→ TASK REQUIREMENTS
Give again, unaltered, the lines of the listing below that run from the line having "Garden Point Сив" through the line having "Casablanca monogram-print swim shorts - Black".

═══ DATA SHOWN ═══

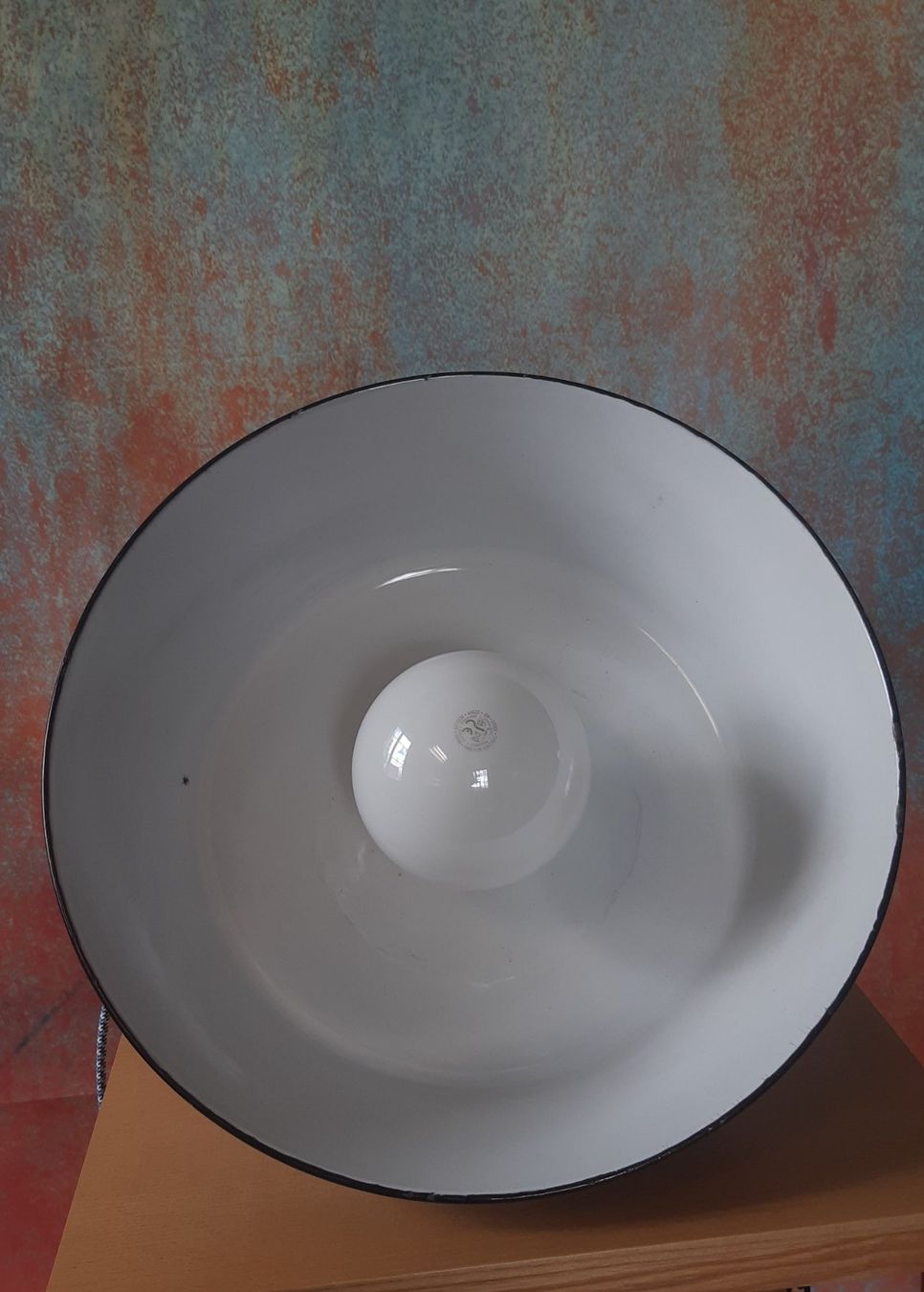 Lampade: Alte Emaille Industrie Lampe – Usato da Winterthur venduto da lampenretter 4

═══
═══ DATA SHOWN ═══

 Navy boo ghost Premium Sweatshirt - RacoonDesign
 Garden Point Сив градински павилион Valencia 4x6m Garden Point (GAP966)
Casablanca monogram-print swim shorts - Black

═══

→ RESPONSE FOR THIS EXERCISE
 Garden Point Сив градински павилион Valencia 4x6m Garden Point (GAP966)
Casablanca monogram-print swim shorts - Black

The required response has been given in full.